Subtype expression and clinical relevance of IRX2 in LUAD
In TCGA-LUAD and GSE36471, we discovered that IRX2 was expressed in the bronchioid subtype and not in the magnoid or squamoid subtypes (Figure 6A and 6B). Bronchioid subtype patients have a better prognosis in both TCGA-LUAD datasets (P.Value = 0.0473) (Figure 7C) in GSE36471 (Wilkerson et al.). Meanwhile, in TCGA LUAD cohort, IRX2 expression was significantly higher in patients who had a complete response (CR) compared to those who had progressive disease after therapy (P.Value < 0.05) (Figure 7D). However, there was no difference in IRX2 mRNA levels between the groups with stable disease and those with progressive disease (P.Value > 0.05) (Figure 5D). The expression of IRX2 was found to be lower in the N3 stage when compared to the N1 stage in TCGA cohort (Figure 7E). Because the N stage in the TNM staging system stands for lymph nodes invasiveness, these findings suggested that decreased IRX2 expression may be related to tumor invasion. We also found additional evidence in a lung cancer cell line. When the expression profiles of poorly invasive CL1-0 and highly invasive CL1-5 lung adenocarcinoma cell lines were compared, it was discovered that IRX2 was significantly decreased in the CL1-5 cell line (log2FC = 2.13, FDR = 2.37e-05) from dataset GSE42407 (Figure 7F).

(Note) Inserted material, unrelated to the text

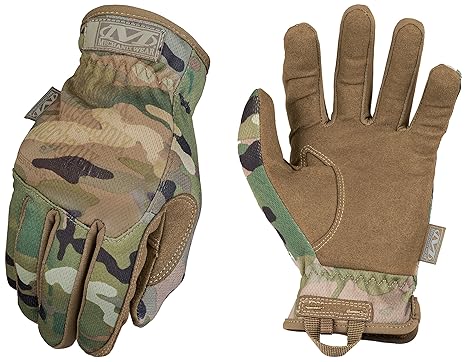 Mechanix Wear Handschuhe mit MultiCam und FastFit, MFF-78-009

These findings suggested that IRX2 may be involved in the invasion and mobility of tumor cancer cells. We further calculated the immune cell subtype correlations with IRX2 and discovered that IRX2 expression is differed in immune and stromal score (Figure S4A) and negative associated with Macrophage M1 cells (Figure S4B-D).